> _Work instructions_
Among the entries that follow, the required portion opens with the line containing "20.5-inch Scatchard Tiger Eye Table Lamp" and closes with the line containing "Cherry Cowgirl Blanket". Give that portion again exactly, and nothing else.

[Material supplied — start]

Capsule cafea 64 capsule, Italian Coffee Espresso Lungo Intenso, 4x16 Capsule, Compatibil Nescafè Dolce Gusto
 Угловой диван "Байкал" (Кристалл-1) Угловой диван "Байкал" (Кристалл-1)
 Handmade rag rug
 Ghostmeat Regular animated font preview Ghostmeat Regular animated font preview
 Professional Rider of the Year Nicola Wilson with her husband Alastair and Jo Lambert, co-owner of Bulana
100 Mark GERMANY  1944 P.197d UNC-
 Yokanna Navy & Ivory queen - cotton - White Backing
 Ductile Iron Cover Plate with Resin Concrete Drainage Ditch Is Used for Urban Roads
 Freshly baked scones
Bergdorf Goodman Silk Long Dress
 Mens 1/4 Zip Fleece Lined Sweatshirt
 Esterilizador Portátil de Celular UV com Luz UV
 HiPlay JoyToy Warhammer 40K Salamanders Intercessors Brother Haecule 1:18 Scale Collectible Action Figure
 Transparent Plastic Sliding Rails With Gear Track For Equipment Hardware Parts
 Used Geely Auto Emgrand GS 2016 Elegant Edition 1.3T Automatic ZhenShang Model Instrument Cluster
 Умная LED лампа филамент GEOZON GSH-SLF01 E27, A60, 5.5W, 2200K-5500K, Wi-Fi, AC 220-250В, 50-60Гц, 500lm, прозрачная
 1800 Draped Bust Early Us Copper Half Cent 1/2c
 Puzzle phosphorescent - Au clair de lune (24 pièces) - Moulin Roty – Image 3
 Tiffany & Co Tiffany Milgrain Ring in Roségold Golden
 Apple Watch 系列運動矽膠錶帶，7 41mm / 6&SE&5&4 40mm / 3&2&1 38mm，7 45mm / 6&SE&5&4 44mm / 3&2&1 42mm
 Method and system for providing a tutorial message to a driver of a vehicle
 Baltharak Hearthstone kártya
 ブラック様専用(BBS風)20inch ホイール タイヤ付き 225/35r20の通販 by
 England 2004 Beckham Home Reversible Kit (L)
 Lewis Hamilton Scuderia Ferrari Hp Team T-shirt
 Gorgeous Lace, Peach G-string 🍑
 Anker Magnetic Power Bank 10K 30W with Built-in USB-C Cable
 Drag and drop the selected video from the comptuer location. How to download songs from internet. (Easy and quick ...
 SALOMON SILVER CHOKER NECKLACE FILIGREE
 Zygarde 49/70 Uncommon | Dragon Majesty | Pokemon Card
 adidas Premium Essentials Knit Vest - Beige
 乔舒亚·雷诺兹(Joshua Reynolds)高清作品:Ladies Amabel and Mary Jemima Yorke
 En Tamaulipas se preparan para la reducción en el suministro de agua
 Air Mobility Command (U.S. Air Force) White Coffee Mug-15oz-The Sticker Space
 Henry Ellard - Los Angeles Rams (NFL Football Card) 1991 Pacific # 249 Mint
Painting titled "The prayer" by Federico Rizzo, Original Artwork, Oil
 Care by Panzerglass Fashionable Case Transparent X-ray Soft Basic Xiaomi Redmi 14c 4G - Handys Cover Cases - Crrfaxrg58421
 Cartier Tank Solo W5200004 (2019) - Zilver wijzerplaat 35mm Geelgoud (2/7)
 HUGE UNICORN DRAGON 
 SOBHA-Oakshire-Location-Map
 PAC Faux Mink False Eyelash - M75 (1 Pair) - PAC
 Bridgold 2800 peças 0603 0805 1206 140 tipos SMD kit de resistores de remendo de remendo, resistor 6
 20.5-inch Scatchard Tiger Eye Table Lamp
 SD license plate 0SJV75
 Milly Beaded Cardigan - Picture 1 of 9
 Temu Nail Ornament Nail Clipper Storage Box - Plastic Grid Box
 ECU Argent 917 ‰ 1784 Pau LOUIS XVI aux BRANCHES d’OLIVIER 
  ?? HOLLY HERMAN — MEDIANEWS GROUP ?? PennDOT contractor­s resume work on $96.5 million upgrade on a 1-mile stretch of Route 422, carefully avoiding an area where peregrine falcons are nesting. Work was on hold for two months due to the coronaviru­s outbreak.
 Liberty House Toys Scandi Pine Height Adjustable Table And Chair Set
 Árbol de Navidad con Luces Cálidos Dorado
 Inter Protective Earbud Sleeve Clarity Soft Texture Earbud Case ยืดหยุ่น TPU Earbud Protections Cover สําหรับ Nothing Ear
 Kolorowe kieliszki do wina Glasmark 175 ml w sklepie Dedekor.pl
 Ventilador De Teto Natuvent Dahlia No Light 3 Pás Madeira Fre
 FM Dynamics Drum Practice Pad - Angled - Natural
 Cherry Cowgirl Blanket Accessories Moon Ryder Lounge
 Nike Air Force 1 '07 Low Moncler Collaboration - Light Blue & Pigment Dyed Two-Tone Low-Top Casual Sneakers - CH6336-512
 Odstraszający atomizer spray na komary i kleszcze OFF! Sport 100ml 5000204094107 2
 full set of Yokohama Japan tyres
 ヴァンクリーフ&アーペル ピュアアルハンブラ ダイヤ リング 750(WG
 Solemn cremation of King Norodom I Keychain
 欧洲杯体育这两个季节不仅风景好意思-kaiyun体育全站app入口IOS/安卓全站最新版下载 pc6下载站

[Material supplied — finish]

> _Answer section_
 20.5-inch Scatchard Tiger Eye Table Lamp
 SD license plate 0SJV75
 Milly Beaded Cardigan - Picture 1 of 9
 Temu Nail Ornament Nail Clipper Storage Box - Plastic Grid Box
 ECU Argent 917 ‰ 1784 Pau LOUIS XVI aux BRANCHES d’OLIVIER 
  ?? HOLLY HERMAN — MEDIANEWS GROUP ?? PennDOT contractor­s resume work on $96.5 million upgrade on a 1-mile stretch of Route 422, carefully avoiding an area where peregrine falcons are nesting. Work was on hold for two months due to the coronaviru­s outbreak.
 Liberty House Toys Scandi Pine Height Adjustable Table And Chair Set
 Árbol de Navidad con Luces Cálidos Dorado
 Inter Protective Earbud Sleeve Clarity Soft Texture Earbud Case ยืดหยุ่น TPU Earbud Protections Cover สําหรับ Nothing Ear
 Kolorowe kieliszki do wina Glasmark 175 ml w sklepie Dedekor.pl
 Ventilador De Teto Natuvent Dahlia No Light 3 Pás Madeira Fre
 FM Dynamics Drum Practice Pad - Angled - Natural
 Cherry Cowgirl Blanket Accessories Moon Ryder Lounge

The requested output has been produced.